*** Opening DATA ***

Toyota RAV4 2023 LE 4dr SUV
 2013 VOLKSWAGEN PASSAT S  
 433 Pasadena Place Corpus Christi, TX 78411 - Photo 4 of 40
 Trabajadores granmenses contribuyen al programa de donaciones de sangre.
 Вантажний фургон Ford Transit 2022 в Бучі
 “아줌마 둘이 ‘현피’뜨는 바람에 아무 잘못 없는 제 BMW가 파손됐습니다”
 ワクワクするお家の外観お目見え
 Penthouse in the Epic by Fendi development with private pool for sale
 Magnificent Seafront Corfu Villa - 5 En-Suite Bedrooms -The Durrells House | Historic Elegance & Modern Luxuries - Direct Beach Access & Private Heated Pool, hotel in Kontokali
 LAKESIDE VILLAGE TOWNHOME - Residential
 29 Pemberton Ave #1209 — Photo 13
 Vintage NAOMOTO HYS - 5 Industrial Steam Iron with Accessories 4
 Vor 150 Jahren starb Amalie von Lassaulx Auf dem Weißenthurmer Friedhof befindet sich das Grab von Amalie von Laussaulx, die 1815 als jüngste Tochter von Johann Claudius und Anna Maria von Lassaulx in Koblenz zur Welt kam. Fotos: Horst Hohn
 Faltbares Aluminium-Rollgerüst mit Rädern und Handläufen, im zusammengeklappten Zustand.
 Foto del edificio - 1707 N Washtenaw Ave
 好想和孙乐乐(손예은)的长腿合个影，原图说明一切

*** Closing DATA ***

EXERCISE BRIEF:
Every line containing the word "Photo" must be copied from the material above.

TASK OUTPUT:
 433 Pasadena Place Corpus Christi, TX 78411 - Photo 4 of 40
 29 Pemberton Ave #1209 — Photo 13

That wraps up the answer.